(no title)
s7r | 4 years ago
Specifically:
The US army and settlers moving West executed buffalo because Indigenous peoples in the Great Plains depended on them. 'Every dead buffalo is a dead Indian' is one of the quotes from the time. The army/settlers would also poison the buffalo carcasses so Indigenous people couldn't eat from the dead carcass, and as a consequence, other animals in the environment (e.g. wolves) couldn't eat the meat either and likewise suffered, and further reduced the food supply.
This took place after the 1868 treaty of the Black Hills. So the US signed a treaty acknowledging Indigenous land and sovereignty. And then started a genocidal campaign, against the people they just signed the treaty with -- tresspassing on treaty defined land to do so and kill the buffalo. The Supreme Court acknolwedged the history of these wrongdoings in a ruling in 1980, awarding financial compensation to the Indigenous peoples -- however the Indigenous plaintiffs did not want monetary awards, they sought rematriation of their stolen land and the upholding of their rights under the 1868 treaty. The battles to uphold those treaty rights continue to this day.

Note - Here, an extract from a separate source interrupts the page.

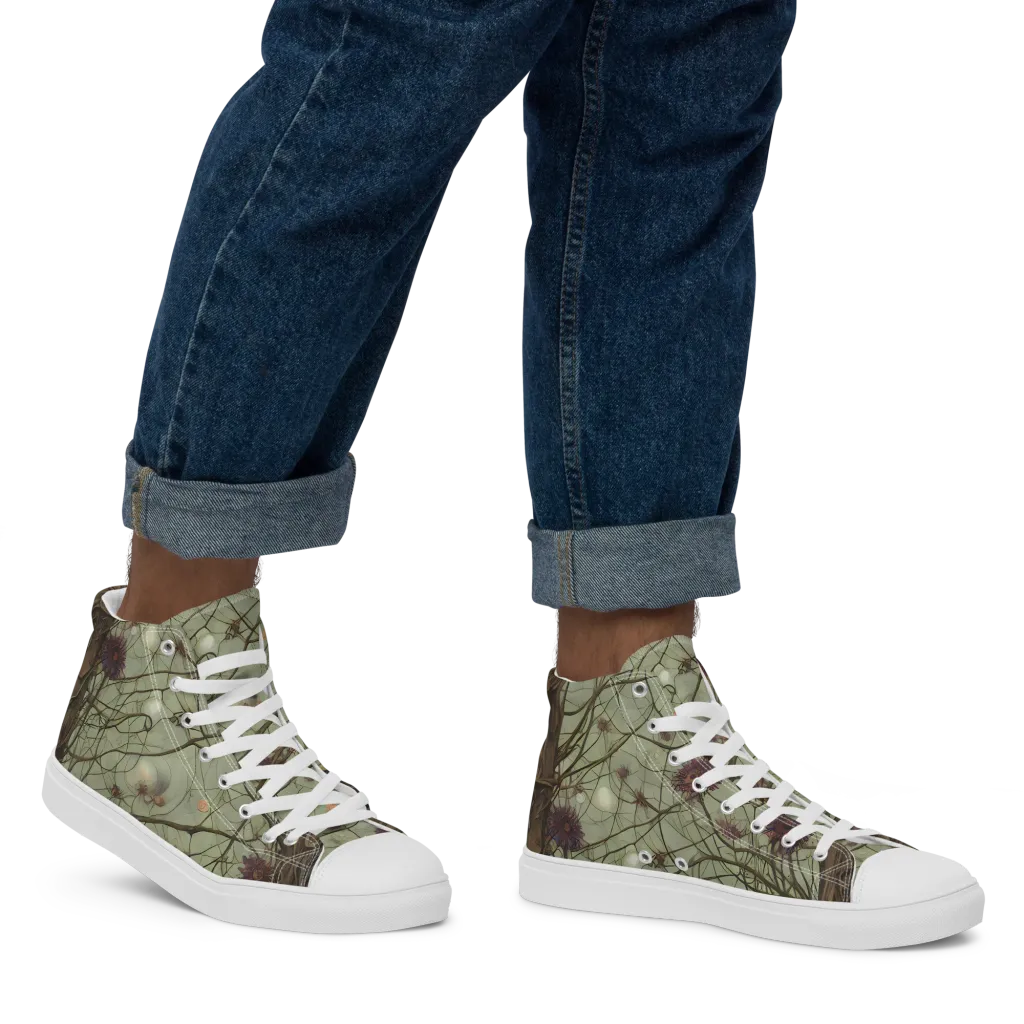 Kowch's Enigma on Men's High Top Canvas Shoes — Right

(In 2007, the UN ratified the Declaration of the Rights of Indigenous Peoples, which affirms Indigeous claim to treaty rights such as the 1868 Black Hills treaty (albeit in a 'non-binding' way). The declaration has now been ratified by all UN member nations -- US, Canada, Australia, and New Zealand originally held out for several years -- and many groups are now operating with that document as a legal/political framework and justification to take their treaty and Indigenous rights cases forward.)